Oh, what’s that? Ok. Well then, goodbye Jenny, it was very nice meeting you.

That wind is getting colder. Time to start heading  back to the house.

What a nice young lady. It was nice to have company – or at least someone who seemed interested in talking with me, I must admit. It’s been a while – OK, I admit – it has been a long time. Most of my friends these days live in books… or in my memory. All I have left of – what’s her name – Jenny -that’s right – is this empty cup that I’m about to toss away. Well, she’s not in a book – I would bet she’ll live in my memory for a while anyway. Maybe she’ll meet some of my old friends there. Maybe I’ll even remember her until the bus comes and I am finally on my way home.

We’ll see.

It’s already getting dark. Another long winter night ahead. It seems cold in here. Thermostat says 71. Wonder why I’m so cold? I’m not turning up the heat – the thermostat says it’s 71 so it must be – feels like 55 to me.

Think I’ll lie down on the couch and read a book. I’ve been reading the same book for over a week now – it’s only 351 pages. When I was in college I was reading a book every other day. Voracious reader. Not so much anymore. Love to read – just can’t stay awake.

I’m on page 171. Almost halfway through. Normally, I would not put up with a book that made me trudge through over 100 pages to get to the point where the book piqued my interest, but H.R. Galaman is one of my favorite authors, so I persevered through the boring start and now I’m glad I did. It’s getting really interesting.

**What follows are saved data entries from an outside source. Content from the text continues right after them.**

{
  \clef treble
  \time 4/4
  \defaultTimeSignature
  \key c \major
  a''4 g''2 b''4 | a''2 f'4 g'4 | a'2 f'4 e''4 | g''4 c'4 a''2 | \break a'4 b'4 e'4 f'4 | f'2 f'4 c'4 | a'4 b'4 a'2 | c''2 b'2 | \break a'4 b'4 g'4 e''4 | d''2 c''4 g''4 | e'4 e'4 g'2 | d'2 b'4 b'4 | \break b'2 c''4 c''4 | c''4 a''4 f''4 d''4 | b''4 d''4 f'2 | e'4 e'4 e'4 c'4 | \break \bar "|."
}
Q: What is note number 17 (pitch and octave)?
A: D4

Now if I could only keep my eyes open.

Before I get comfortable. I better eat something. I’m kind of hungry. Don’t get me wrong, it’s not like if I skipped a meal, I’d blow away. I figure, I could skip a month’s worth of meals before I was thin enough to blow away. When I was younger I was always on a diet. Ha! The foibles of youth.

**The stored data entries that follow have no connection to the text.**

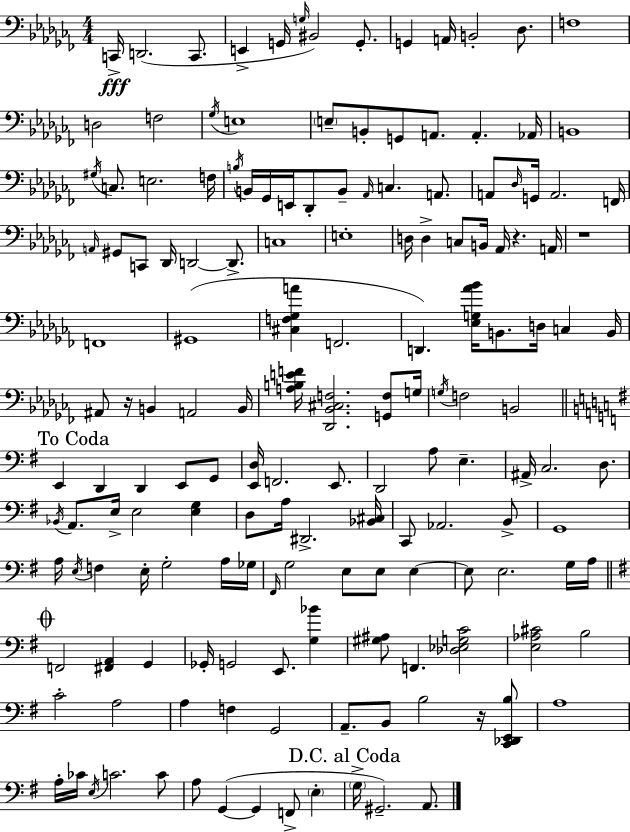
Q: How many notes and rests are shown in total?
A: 159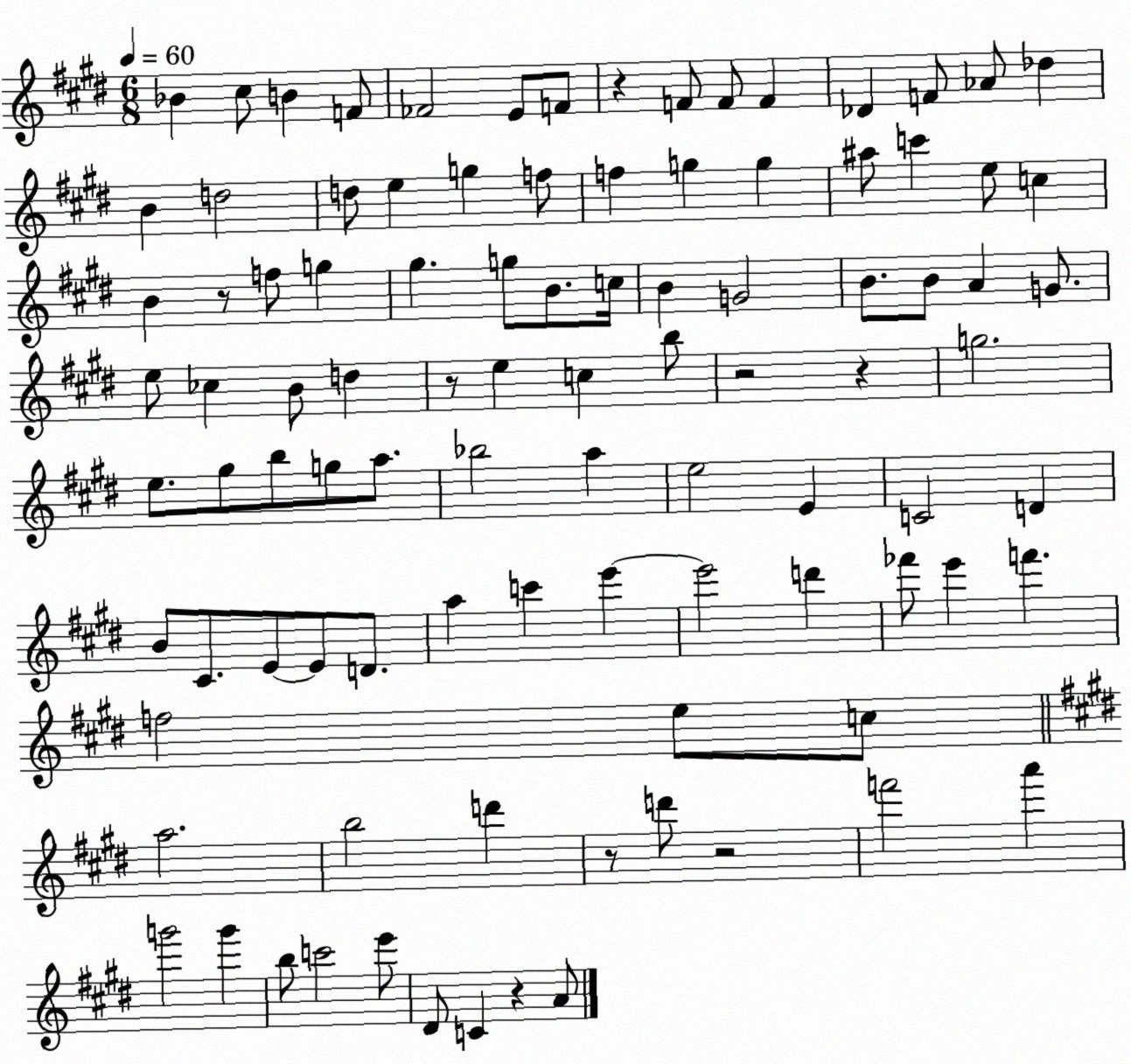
X:1
T:Untitled
M:6/8
L:1/4
K:E
_B ^c/2 B F/2 _F2 E/2 F/2 z F/2 F/2 F _D F/2 _A/2 _d B d2 d/2 e g f/2 f g g ^a/2 c' e/2 c B z/2 f/2 g ^g g/2 B/2 c/4 B G2 B/2 B/2 A G/2 e/2 _c B/2 d z/2 e c b/2 z2 z g2 e/2 ^g/2 b/2 g/2 a/2 _b2 a e2 E C2 D B/2 ^C/2 E/2 E/2 D/2 a c' e' e'2 d' _f'/2 e' f' f2 e/2 c/2 a2 b2 d' z/2 d'/2 z2 f'2 a' g'2 g' b/2 c'2 e'/2 ^D/2 C z A/2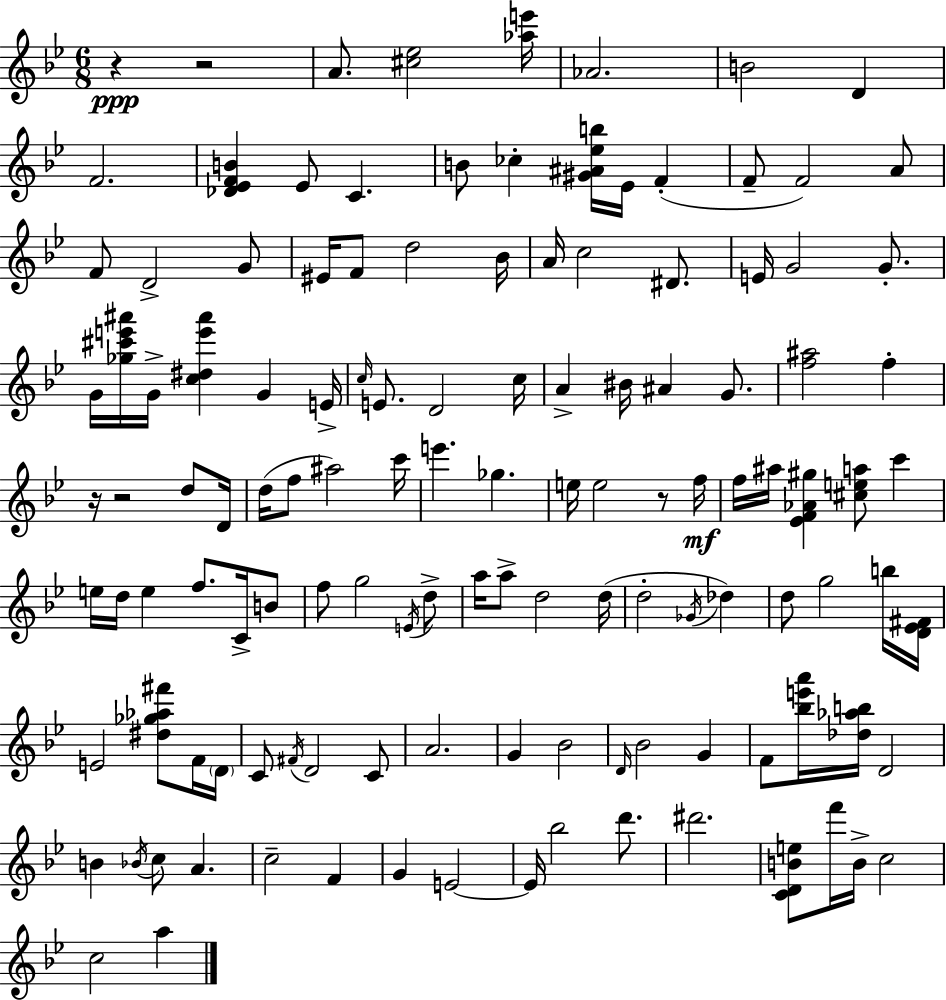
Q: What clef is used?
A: treble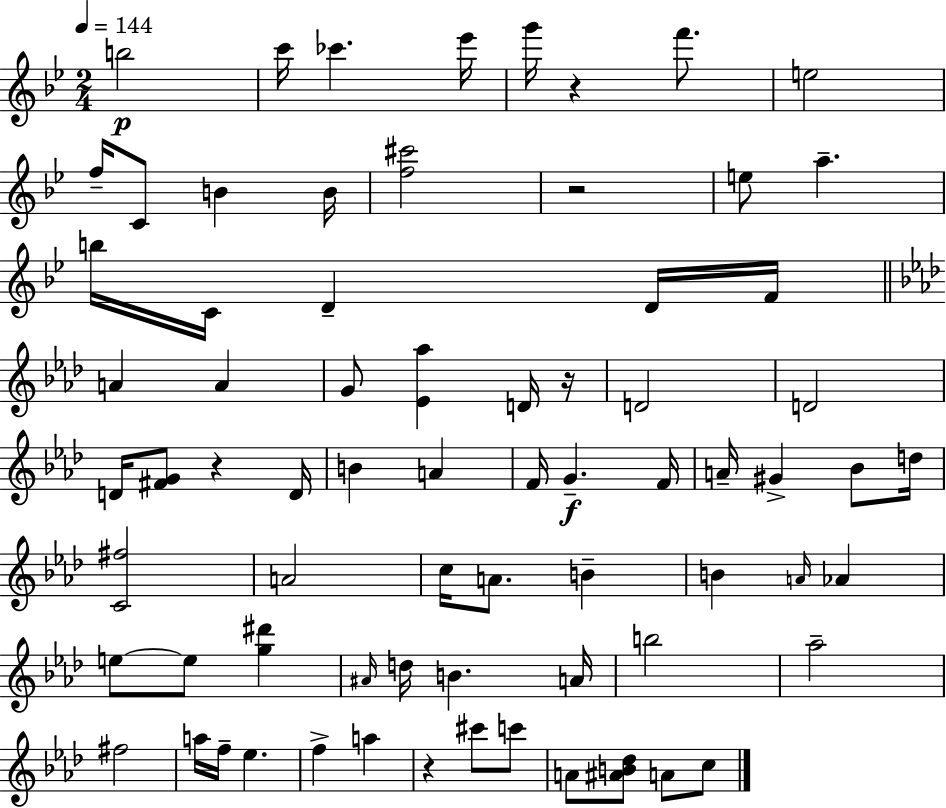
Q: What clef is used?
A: treble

I think there’s some tuna fish salad left in the fridge. I made it 2 days ago, so it should be OK to eat. It smells OK. I’ll heat up some soup and make myself a tuna fish salad sandwich.

When I sit down to eat dinner, I usually find myself flipping on the TV for company – or else lose myself in thought reflecting on the day. Most days the TV wins – not much to reflect on. Today is not one of those days.

I wonder if I bored her? Did I rattle on too much about Joe’s coffee? What difference does it make? Really?

I find I laugh at myself a lot. Like it really matters if I rambled on too much about Joe’s coffee – what does it matter what anyone thinks. She seemed interested in what I had to say – she made me feel like a wise old sage – it felt good to me noticed for something. But I don’t know why she sat with me and listened to me – and what’s most important: It doesn’t matter.  I was waiting for the bus, like I do every day and she came along and talked to me. That’s all I know for sure. She probably felt sorry for me – sitting alone on that bench staring off into space. I bet I looked like I had nothing better to do. Looks don’t always deceive, do they? Maybe she’s just one of those empathetic, in-tune-with-humanity’s-woes types. Not that I have any particular woes for her to tune in to.

I am just waiting for the bus.

Sandwich was so-so – the tuna salad definitely needed more celery. The soup was typical canned soup – salty and hot. Good enough to dunk my sandwich in to, anyway.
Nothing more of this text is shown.